At the time of the publication, four Ultima configurations are available to our customers:

The Ultima 2C freeware has basic functionality, and commercial configurations have sufficient functionality.

The Ultima commercial configurations are actually assembly kits that are built on basic functionality to suit the specific customer’s needs. And the basic functionality can also be freely modified, becuse the configuration is open.
At the front-end design stage, the customer will point at our cases saying, ‘I want this, this and this, and a cool thing that you don’t write about, but I still want it.’

In the course of implementation proper, we re-assemble the programme code with the requested functionality from those installations where it is best implemented by now.

So at the time of launch the commercial Ultima configuration in the customer’s installation is the freshest collection of true best practices for a living and vibrant business.
As opposed to the rigid functionality of die-hard modular systems’ BC solutions that may be decades old.

Moreover.
The happy operator of a commercial Ultima configuration holds sort of an all-time key to a database of business knowledge, a.k.a. best practices, that is constantly updated; similarly, he will receive future cases’ functionality as it is developed, and pay for code transfer and integration only.  He will have mastered the Darwinian evolution of business processes.

From the foregoing it naturally follows that each installation of our system has a unique configuration – unlike the platform that is fully standardized.


Components

Please remember that the Ultimate IEM solutions represent a new (and thus still infrequent, given the scale of the world IT industry) class of monolithic ERP systems – as opposed to the customary modular ones.
To find out what difference it makes for the user and why the difference is critical, see our special text again.

The Ultima components are NOT modules.

We draw a comparison again. 
Imagine a PC network with a dedicated file server. 
This is similar to a modular system: the server is the centre and the individual computers are the modules.
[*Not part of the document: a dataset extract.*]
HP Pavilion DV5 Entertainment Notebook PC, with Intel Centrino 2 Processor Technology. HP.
The modules are self-contained systems that use their own logic and store and process data on their own. The server is mainly used to store porn information of common interest and in common access.
You can easily add ‘modules’ to the system or unplug them.
Such a system’s cohesion, self-consistence and resultant practical utility are fundamentally restricted by the capabilities of the data exchange protocol. And, which is no less important, by its individual modules’ ability to support that protocol correctly and trouble-free.

On the other hand, the Ultima components DO NOT exist separately and on their own. 
They contain NO data whose loss would affect the integrity of the system’s common information field.
They implement NO business logic that could override or substitute the unified configuration’s business logic.
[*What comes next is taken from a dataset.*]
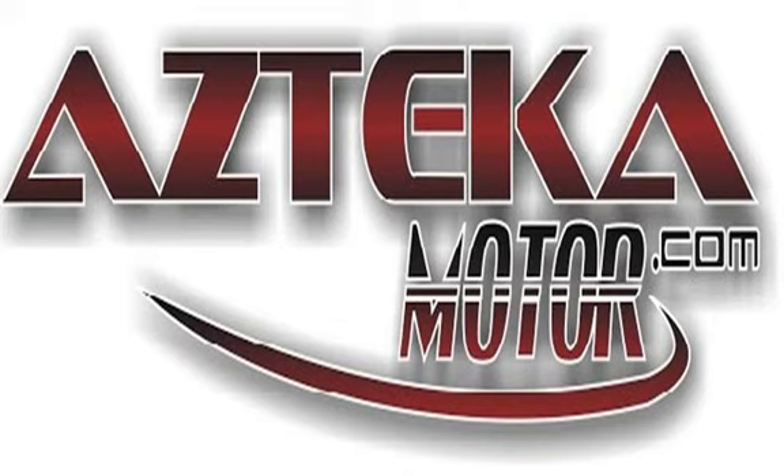Only at Azteca Motor — remember the name, Azteca Motor, home of the no credit check.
Like a club in a primeval ape man’s hand (by no means a ‘module’ of his body), they only add to the capabilities of the single modular system.

There can be software logic components (like Ultima eStore, a Web module for an online store) and hardware-and-software components, like Ultima WMS.
On a mundane level, the first type is equivalent to browser plugins, and the second type, to a medical diagnostic unit that connects to a PC.